Yesterday, I saw this site was timing out with HTTP 503 (Service Temporarily Unavailable) and I couldn’t access my WordPress blog. Whut?
I logged into my shared hosting shell, looked at the server logs, and saw I was being hammered by some scraper bot. So of course Apache’s mod_security was throttling my site and returning 503’s to everything.
So, what to do? Edit the .htaccess to tell the bot to fuck off.
# scraper bots
#"Scrapy/2.11.2 (+https://scrapy.org)"
RewriteCond %{HTTP_USER_AGENT} ^Scrapy [NC]
RewriteRule . - [F,L]
Essentially, if the user agent starts with “Scrapy” (No Case sensitivity), tell it that it’s Forbidden (HTTP 403) and end the request. (see a full example)

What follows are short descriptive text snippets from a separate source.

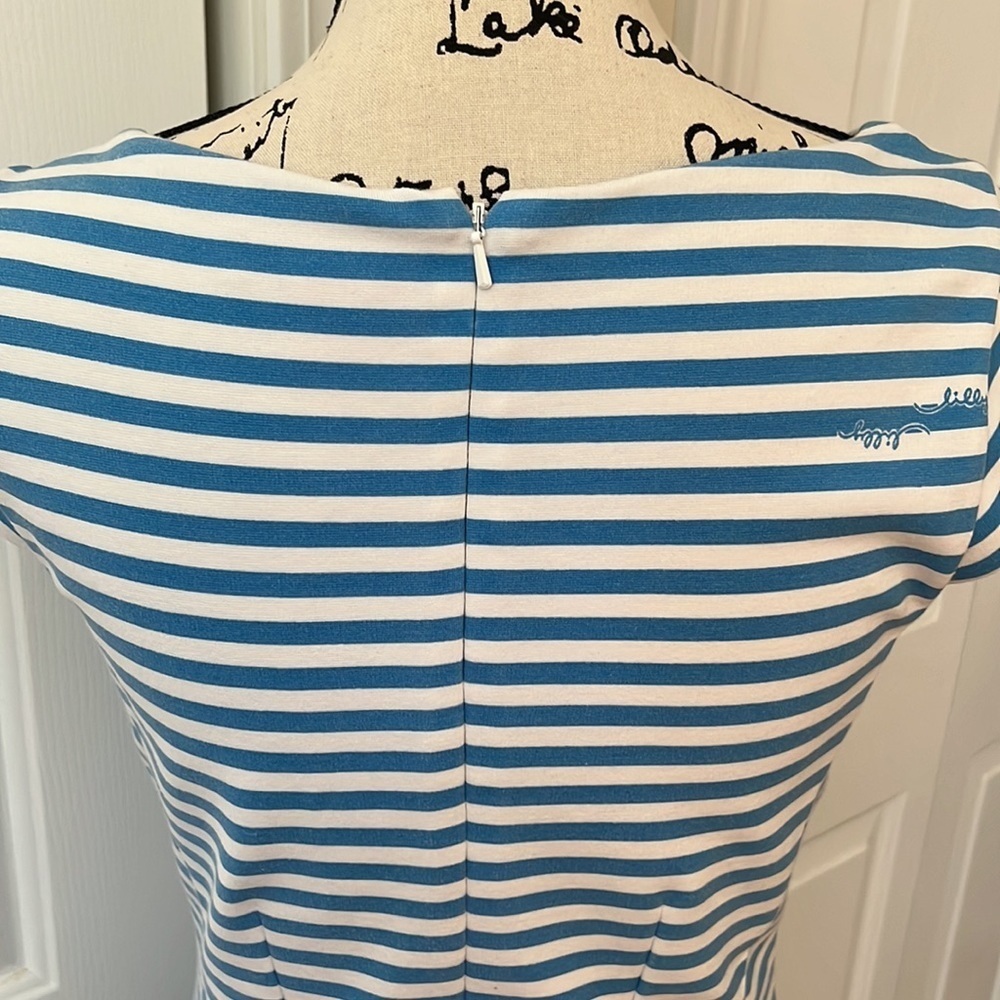 Lilly Pulitzer Briella Blue White Stripe Ponte Dress Sm - Picture 7 of 12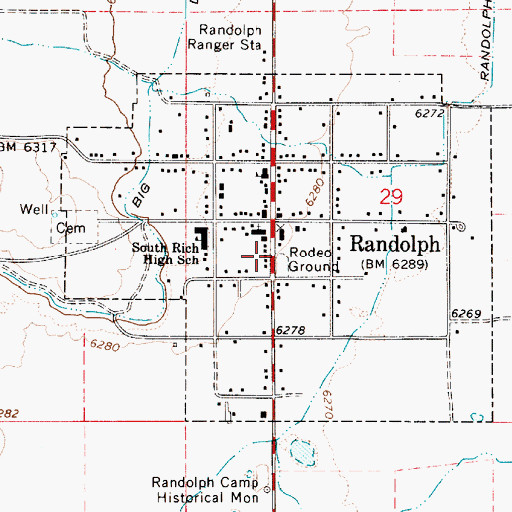 Topographic Map of Town of Randolph, UT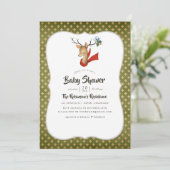 Retro rendierkerstBaby shower Kaart (Staand voorkant)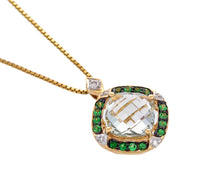 Load image into Gallery viewer, Green amethyst and t-savorite pendant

That’s the first bot I’ve had to block with mod_rewrite, but I get the sinking feeling it won’t be the last. At least it’s honest enough to announce a unique user agent string instead of saying it’s Mozilla or some shit.
Nobody obeys robots.txt anymore. Nobody.
I fucking hate AI. Assholes Incorporated. But AI didn’t do this; humans did this to the Web. We did it. Humans. We did it to each other. We did it to ourselves. Humans.